Игорь Александрович Галкин

Автобиография Игоря Александровича включает в себя воспоминания о годах жизни с 1937 по 1980. В книгу также включены статьи об Алексии втором и Иоанне Павле втором.

Оглавление

* * *

Приведённый ознакомительный фрагмент книги Воспоминания. О светлом и печальном, веселом и грустном, просто о жизни предоставлен нашим книжным партнёром — компанией ЛитРес.

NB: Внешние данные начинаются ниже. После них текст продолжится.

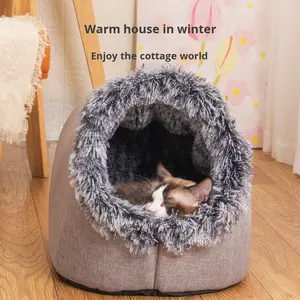 Meistverkauftes Halbgeschlossenes Warmes Katzenbett Komfortables Langhaariges Tragbares Hundebett für Herbst und Winter Haustierbett mit Vollumhüllendem Design - Product Image 3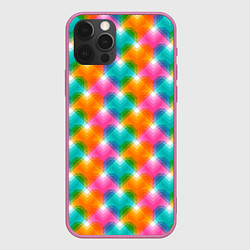 Чехол для iPhone 12 Pro Max Светящиеся геометрические сердца, цвет: 3D-малиновый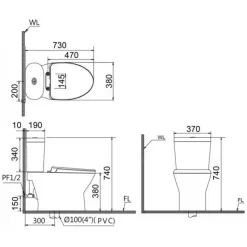 Alternative view of Bồn cầu thông minh Caesar CD1320/TAF400H 2 khối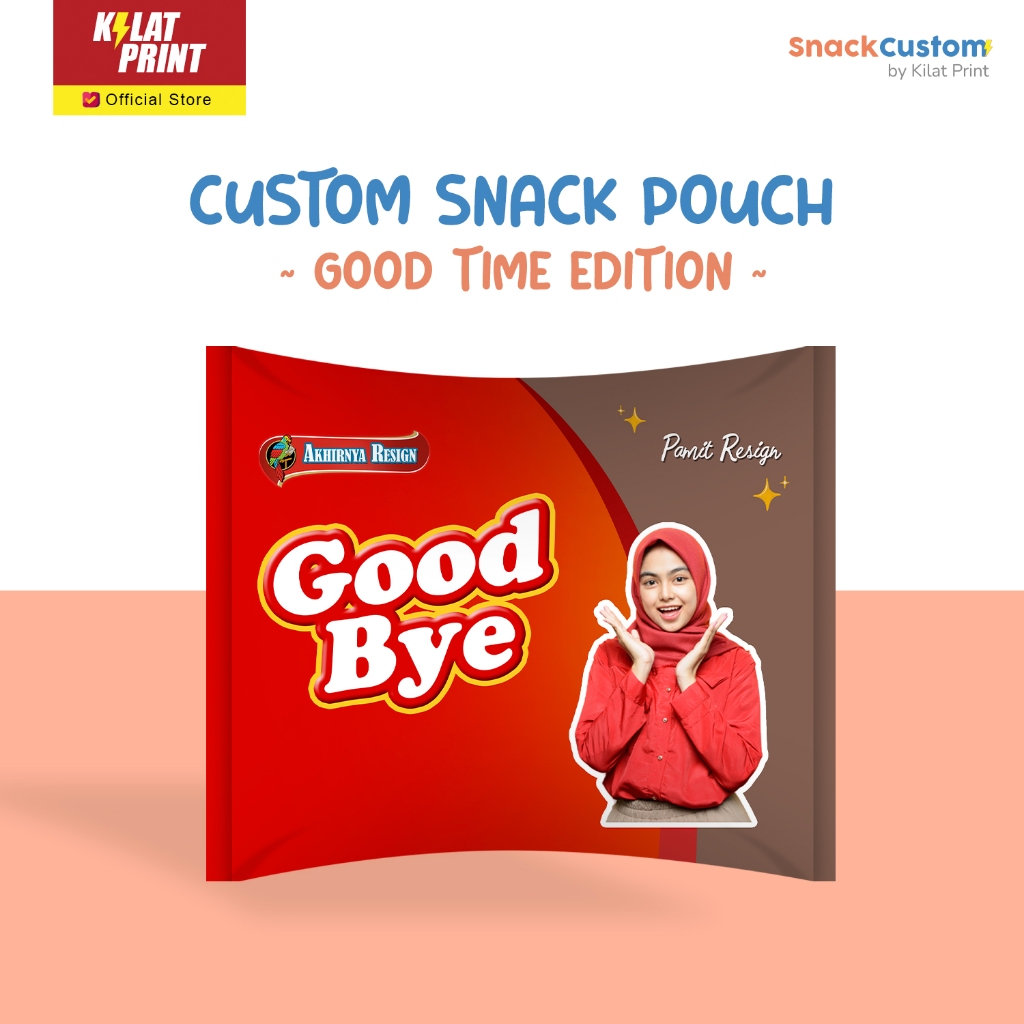 Snack Custom Foto Teks Bungkus Pouch Jumbo Kado Resign Ala Good Time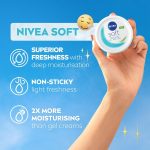 ⁦NIVEA Soft Moisturising Cream for Face, Body and Hands with Vitamin E and Jojoba Oil, Moisturises Deeply, All-Purpose, Jar 3x300ml⁩ - الصورة ⁦4⁩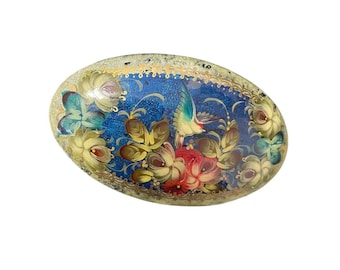 Vintage 1994 Hand Painted Lacquer Russian Barette Hair Clip Signed & Dated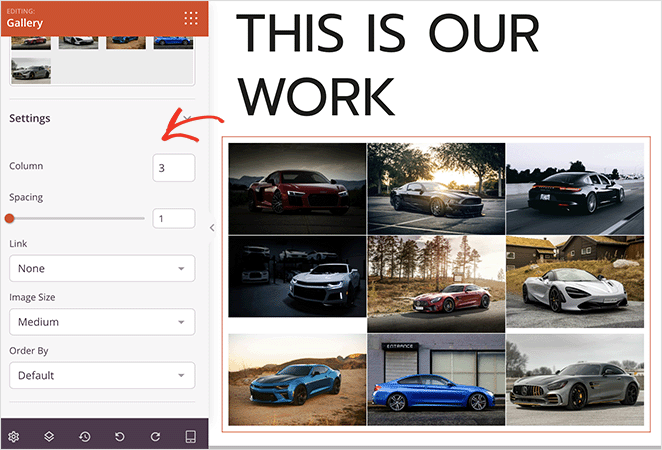 Gallery block settings SeedProd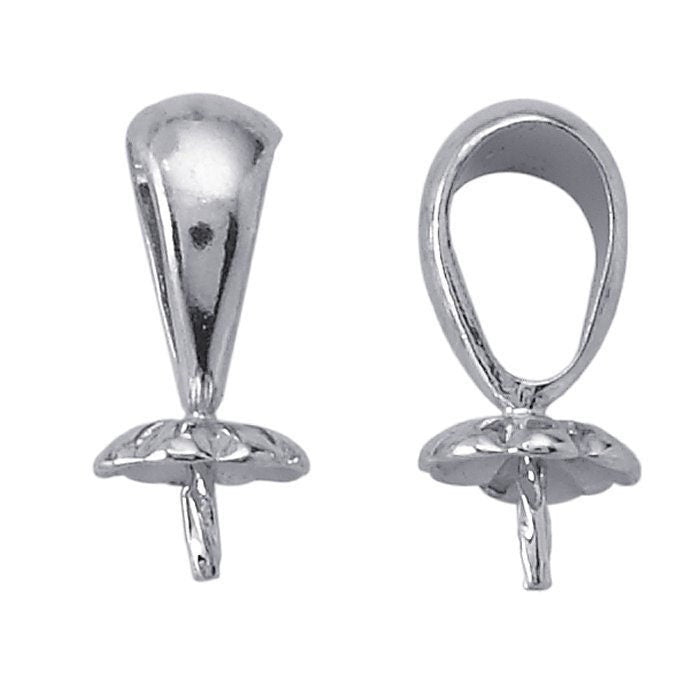 14k white gold pendant mounting with pearl peg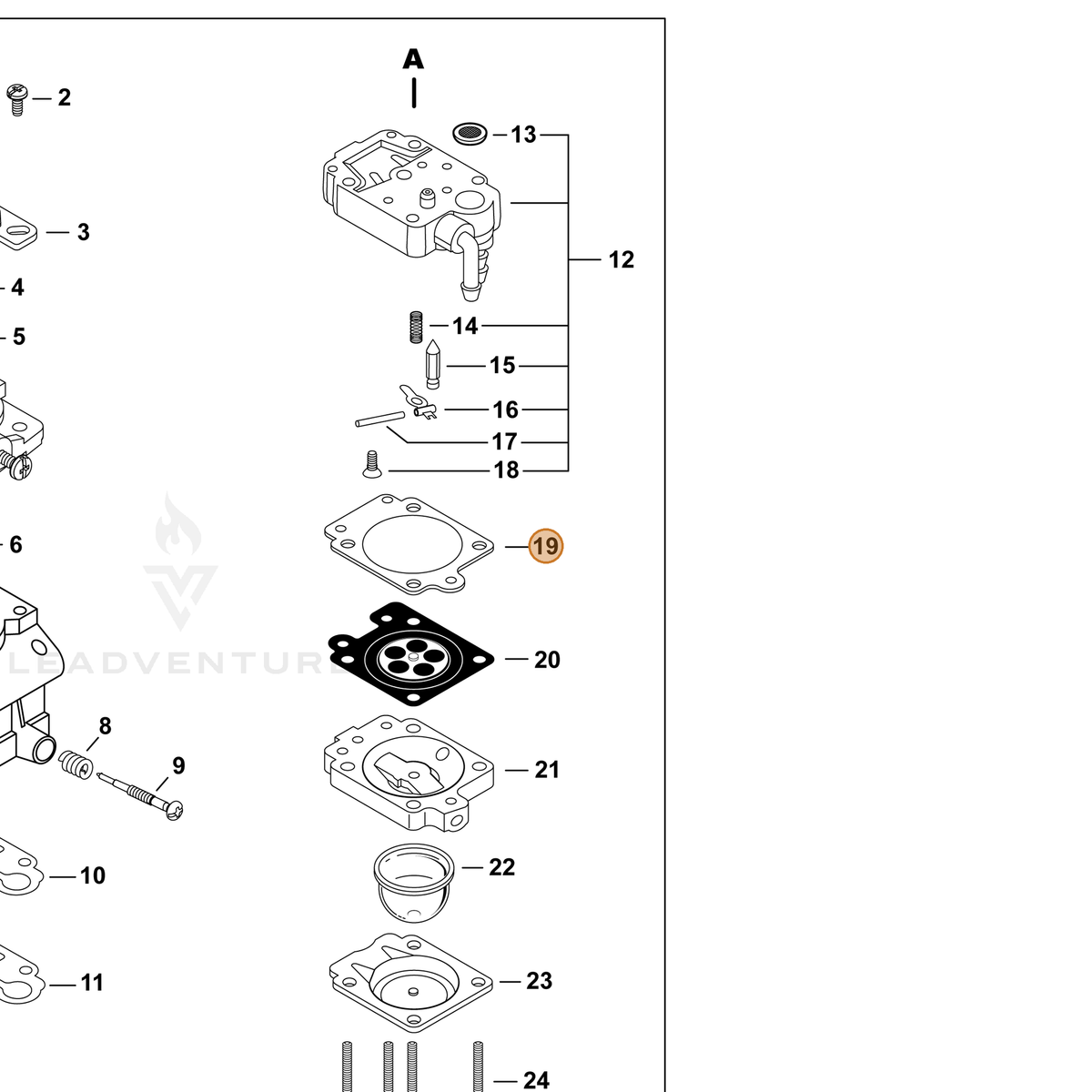 ECHO part P006000310 — IPL diagram snippet (6x zoom, amber highlight)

Купить и скачать полную версию книги в форматах FB2, ePub, MOBI, TXT, HTML, RTF и других

Глава IV: Послевоенные годы

Выступление папы, как ветерана войны

Когда заведующий клубом приглашал папу на вечера, посвященные военной славе, папа всегда отнекивался. А потом его и приглашать перестали. Мама поругивала его за излишнюю скромность. Ей обидно было, что о войне говорят те, которые не воевали — начальство. Говорят, как надо благодарить фронтовиков за победу, а на курорты сами ездят. За всю жизнь мама не помнила, чтобы кому из этих фронтовиков хоть бы раз дали съездить в дом отдыха. А начальством в глазах мамы были все — от директора комбината до начальника цеха. В альбоме моего тестя по первой женитьбе Александра Леонидовича и тещи Марии Васильевны было много фотографий об их счастливом пребывании на черноморских курортах. Он был главным бухгалтером комбината, она — уборщицей конторы. Это я о справедливости маминых слов, а что касается меня, то я с большим уважением относился к Леонидовичу, а к Васильевне, как к типичной теще. Но это к слову.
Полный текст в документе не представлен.